Revolutionary war timeline

  • Creation of the Continental Congress

    Creation of the Continental Congress
    From 1774 to 1789, the Continental Congress served as the government of the 13 American colonies and later the United States. The First Continental Congress, which was comprised of delegates from the colonies, met in 1774 in reaction to the Coercive Acts, a series of measures imposed by the British government on the colonies in response to their resistance to new taxes.
  • Battle of Bunker Hill

    Battle of Bunker Hill
    On June 17, 1775, early in the Revolutionary War (1775-83), the British defeated the Americans at the Battle of Bunker Hill in Massachusetts. Despite their loss, the inexperienced colonial forces inflicted significant casualties against the enemy, and the battle provided them with an important confidence boost. Although commonly referred to as the Battle of Bunker Hill, most of the fighting occurred on nearby Breed’s Hill.
  • Paul Revere's Ride

    Paul Revere's Ride
    American revolutionary Paul Revere was immortalized in the Henry Wadsworth Longfellow poem “The Midnight Ride of Paul Revere,” for bearing news of an impending British invasion to the town of Lexington, Massachusetts, a hotbed of radical activity.
  • Battle of Lexington and Concord

    Battle of Lexington and Concord
    The Battles of Lexington and Concord, fought on April 19, 1775, kicked off the American Revolutionary War (1775-83).
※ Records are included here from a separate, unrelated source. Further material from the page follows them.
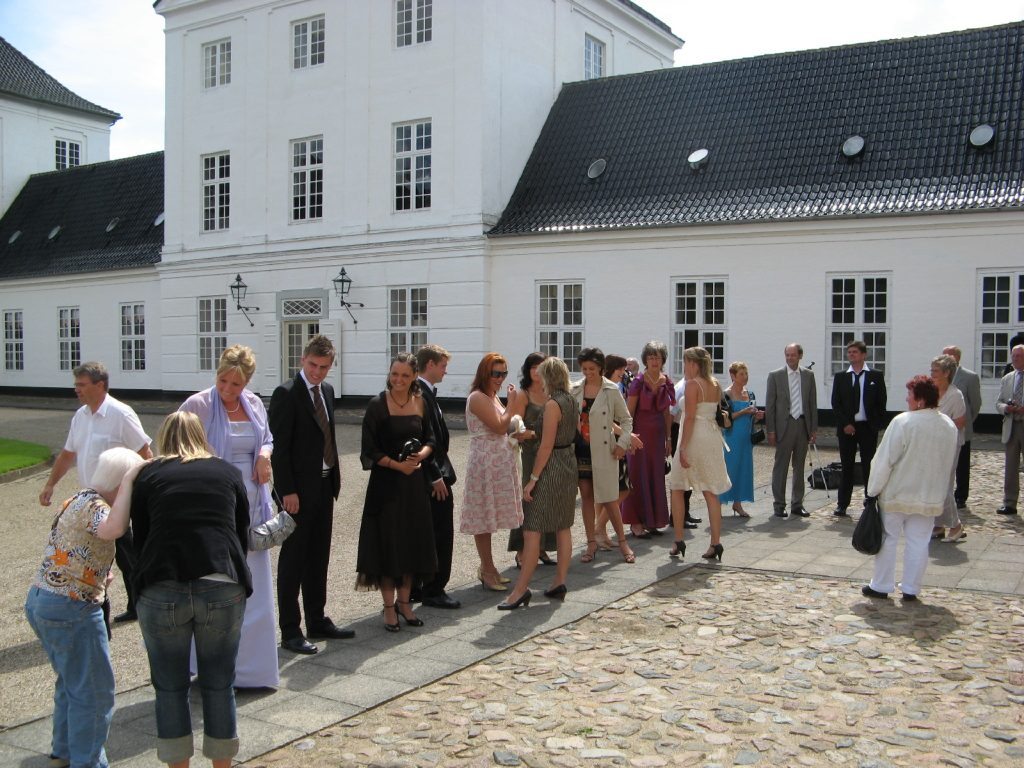 Gæsterne ankommer til Gråsten Slotskirke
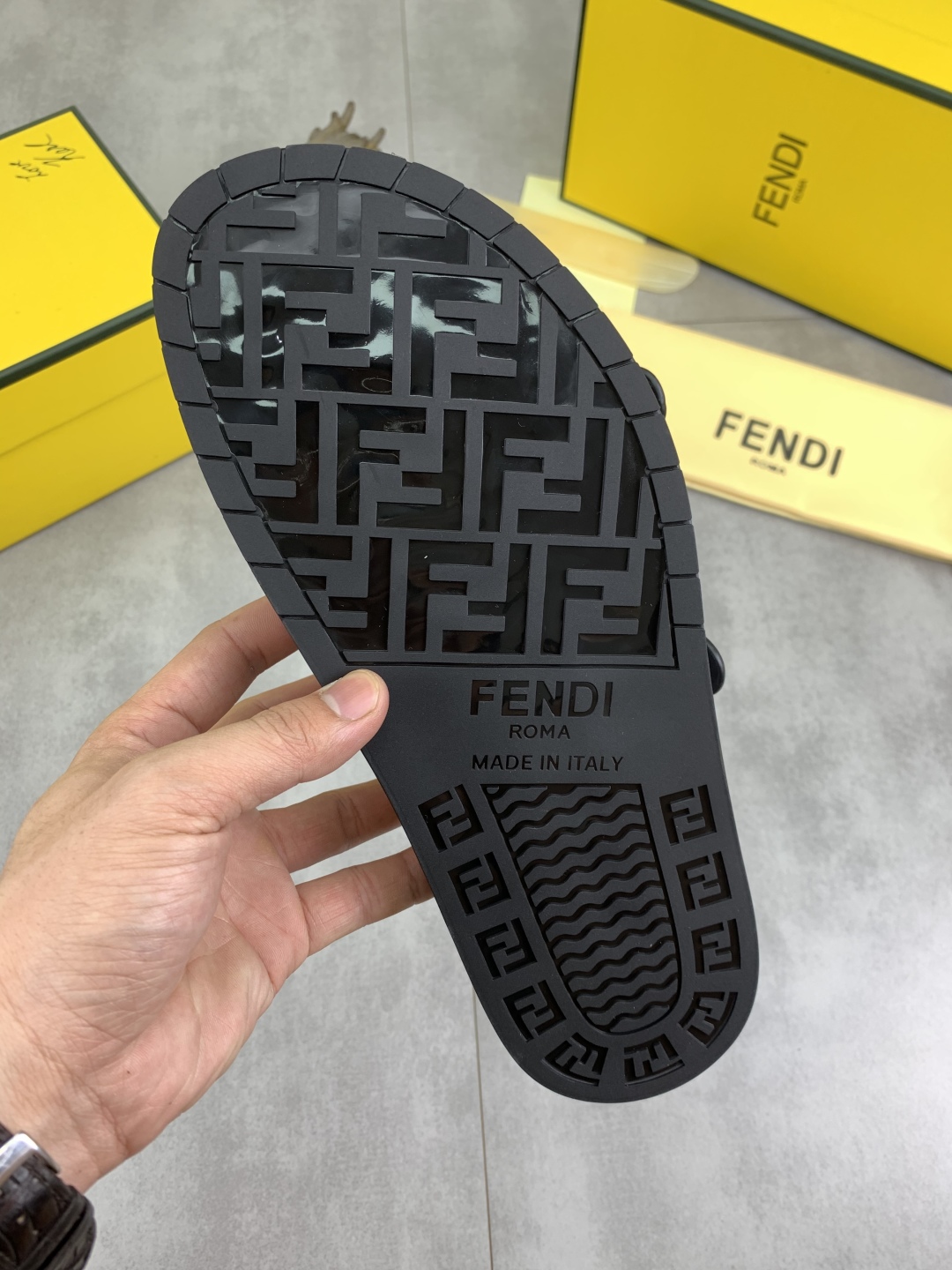 Fendi Men's Summer Slides with Snakeskin Print and Adjustable Buckles 10 cmp i1745514239356 3491 0 8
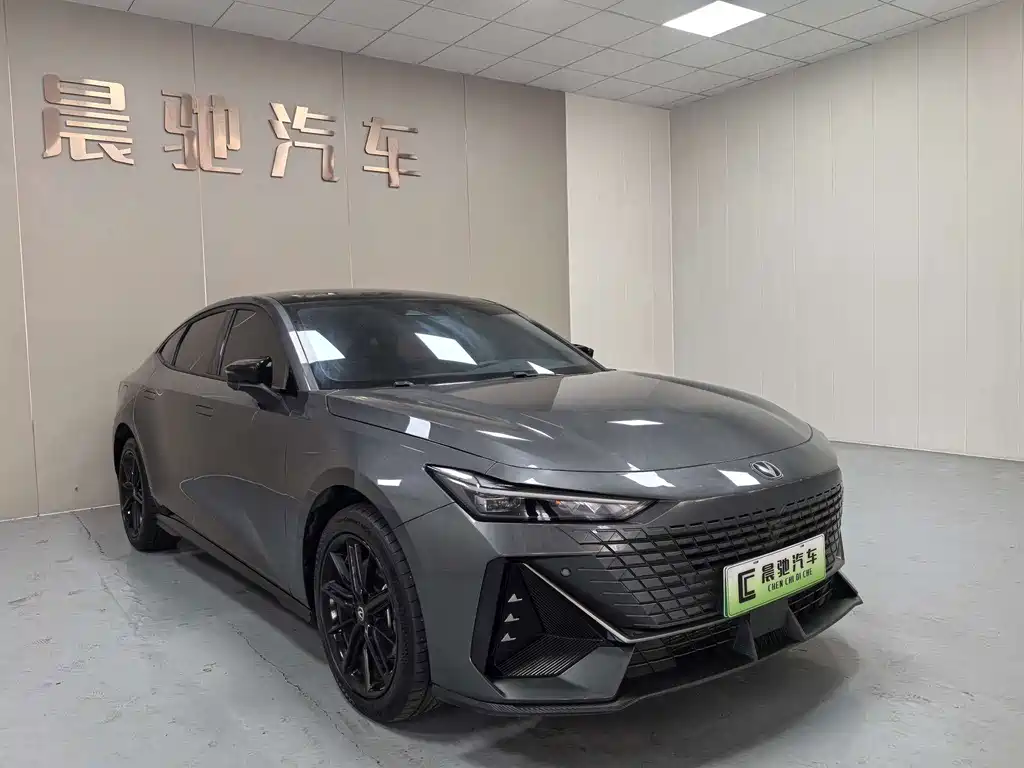 Changan UNI-V iDD — миниатюра 3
Tensions had been building for many years between residents of the 13 American colonies and the British authorities, particularly in Massachusetts. On the night of April 18, 1775, hundreds of British troops marched from Boston to nearby Concord in order to seize an arms cache.
  • Creation of the Declaration of Independence

    Creation of the Declaration of Independence
    On the evening of July 9, 1776, thousands of Continental soldiers who had come from Boston to defend New York City from the British marched to the parade grounds in Lower Manhattan. General George Washington had ordered them to assemble promptly at six o'clock to hear a declaration approved by the Continental Congress calling for American independence from Great Britain.
  • Battle of Trenton/ Princeton

    Battle of Trenton/ Princeton
    General George Washington’s army crossed the icy Delaware on Christmas Day 1776 and, over the course of the next 10 days, won two crucial battles of the American Revolution. In the Battle of Trenton (December 26), Washington defeated a formidable garrison of Hessian mercenaries before withdrawing. A week later he returned to Trenton to lure British forces south, then executed a daring night march to capture Princeton on January 3.
  • Battle of Saratoga

    Battle of Saratoga
    Fought eighteen days apart in the fall of 1777, the two Battles of Saratoga were a turning point in the American Revolution. On September 19th, British General John Burgoyne achieved a small, but costly victory over American forces led by Horatio Gates and Benedict Arnold. Though his troop strength had been weakened, Burgoyne again attacked the Americans at Bemis Heights on October 7th, but this time was defeated and forced to retreat.
  • Winter at Valley Forge

    Winter at Valley Forge
    On this day in 1777, commander of the Continental Army George Washington, the future first president of the United States, leads his beleaguered troops into winter quarters at Valley Forge, Pennsylvania.
  • Battle of Yorktown

    Battle of Yorktown
    In the fall of 1781, a combined American force of Colonial and French troops laid seige to the British Army at Yorktown, Virginia. Led by George Washington and French General Comte de Rochambeau, they began their final attack on October 14th, capturing two British defenses and leading to the surrender, just days later, of British General Lord Corwallis and nearly 9,000 troops.
  • Treaty of Paris

    Treaty of Paris
    The Treaty of Paris of 1783, negotiated between the United States and Great Britain, ended the revolutionary war and recognized American independence. The Continental Congress named a five-member commission to negotiate a treaty–John Adams, Benjamin Franklin, John Jay, Thomas Jefferson, and Henry Laurens. Laurens, however, was captured by a British warship and held in the Tower of London until the end of the war.